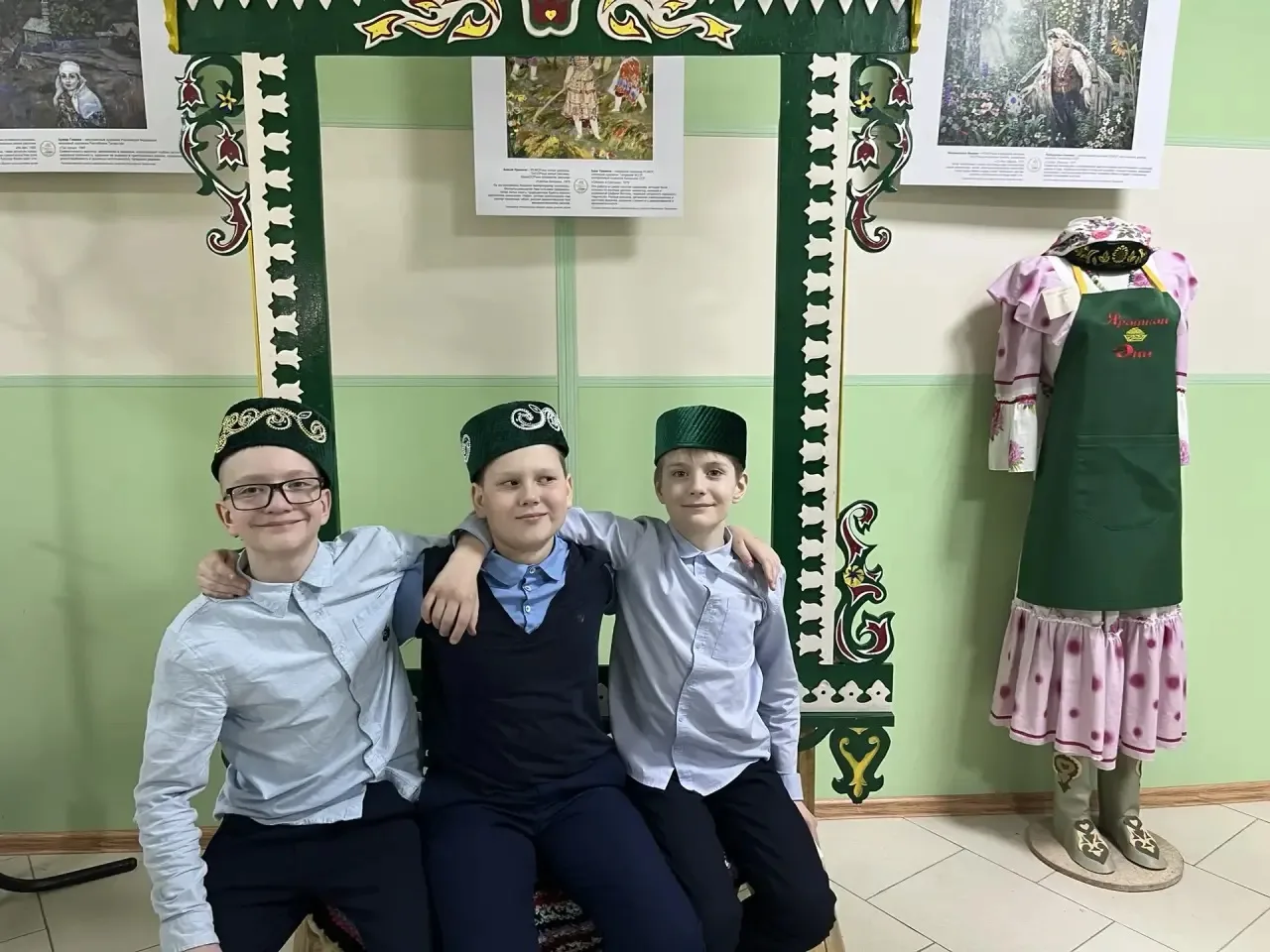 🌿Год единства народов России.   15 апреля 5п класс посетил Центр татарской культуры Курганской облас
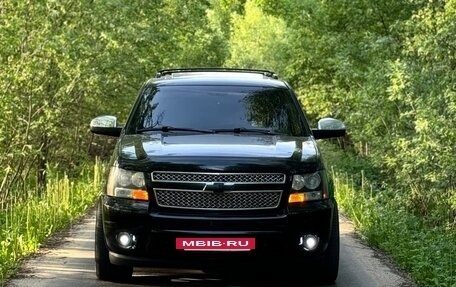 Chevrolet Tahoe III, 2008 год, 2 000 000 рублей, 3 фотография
========================================================================
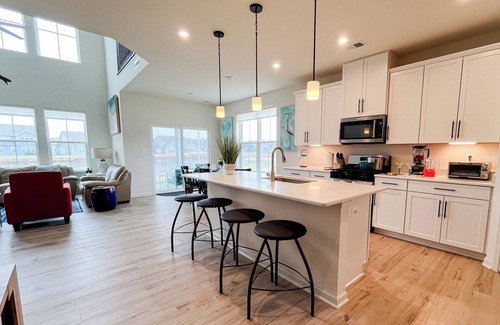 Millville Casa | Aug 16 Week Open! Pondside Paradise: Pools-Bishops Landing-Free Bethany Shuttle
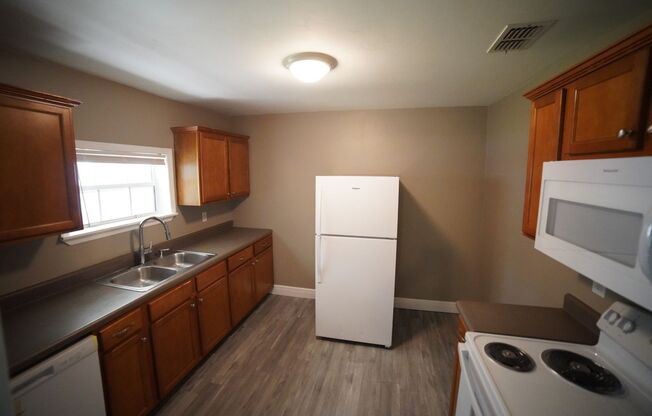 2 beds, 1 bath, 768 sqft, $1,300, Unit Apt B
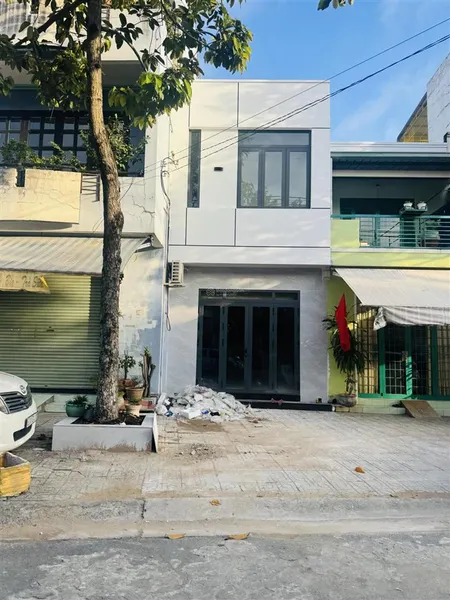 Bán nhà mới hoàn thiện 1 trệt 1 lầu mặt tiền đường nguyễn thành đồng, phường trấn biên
========================================================================
Print from the line containing "культуры Курганской облас" through the line containing "Chevrolet Tahoe III, 2008" in the data above, exactly as the lines stand, and omit every picture.

 🌿Год единства народов России.   15 апреля 5п класс посетил Центр татарской культуры Курганской облас
 Chevrolet Tahoe III, 2008 год, 2 000 000 рублей, 3 фотография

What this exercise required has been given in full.